The research on Thomas' brain tissue was done at Boston University, which has done much of the work on the impact of big hits on football players that has gained attention in recent years. Dr. Robert Stern, a director of the Boston University group, confirmed the findings to The Associated Press but otherwise declined comment.
Katherine Brearley, Thomas' mother, told the AP she doesn't know the extent to which brain trauma caused her son to commit suicide, and doctors cautioned against overstating the connection.
"I can only say for myself, that Owen was a very unlikely person to, in his normal state of mind, to commit suicide," she said in a telephone interview. "He didn't have a history of depression. There are no significant factors that we could see that trigger that kind of action."
Brearley said her son started playing football when he was 9 or 10 and had never been diagnosed with a concussion. He also never showed any side effects normally associated with brain trauma.
Thomas, a 6-foot-2, 240-pound defensive end, was voted one of Quakers' captains for this season.
He was a second-team All-Ivy player in 2009, starting all 10 Penn games, recording 29 tackles and finishing second in the league with six sacks.
At Penn's recent media day, the Quakers placed his No. 40 jersey in the team photo in the spot where Thomas would have been seated between captains Keiffer Garton, Bradford Blackmon and Joe D'Orazio.
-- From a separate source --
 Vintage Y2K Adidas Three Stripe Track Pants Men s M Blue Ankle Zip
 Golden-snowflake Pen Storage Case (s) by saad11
The Quakers took turns holding the jersey in photos that would have included Thomas — one for the captains, seniors, defensive line and Pennsylvania recruits.
Penn will honor Thomas, of Allentown, in a ceremony before its opener against Lafayette on Saturday night.
His death stunned his family.
"I thought, 'Oh my God, I didn't even know my own son.' I had no idea, I couldn't imagine," Brearley said. "I felt like a failure at not having understood my own child. But now I think to myself, if someone tells me he had a degenerative brain disease, I didn't understand that part of him."
Doctors told The Times that Thomas' CTE may have developed from subconcussive collisions, repetitive blows that cause permanent or cumulative brain injury. The newspaper reported that Thomas was the youngest and first amateur football player to be found with clear evidence of CTE.
He's the second Penn football player since 2005 to commit suicide.
"While we will never know the cause of Owen Thomas's depression and subsequent suicide, we are aware of and deeply concerned about the medical issues now being raised about football head injuries and will continue to work with the Ivy League and the medical community in addressing these issues," Penn spokeswoman Lori Doyle said Monday night. "Owen's untimely death was a terrible tragedy and we continue to grieve for his loss."
Brearley said the family didn't blame Penn or any other coaches Thomas played as a young football player.
"However, what these results point toward, the Penn coaches, and for all coaches everywhere, it looks as if it's just not about big hits that we document," she said, "the potential is there that the disease process starts with repeated small hits."
Thomas graduated from Parkland High School, where he was a three-year letter-winner and captain for two years. His older brother, Matt, was also a member of Penn's football team and graduated in 2002.
"We wish we could have Owen back. Owen was a wonderful person and a great leader," his mother said. "If his death could leave a legacy of making youth football safer for young people, it would be wonderful."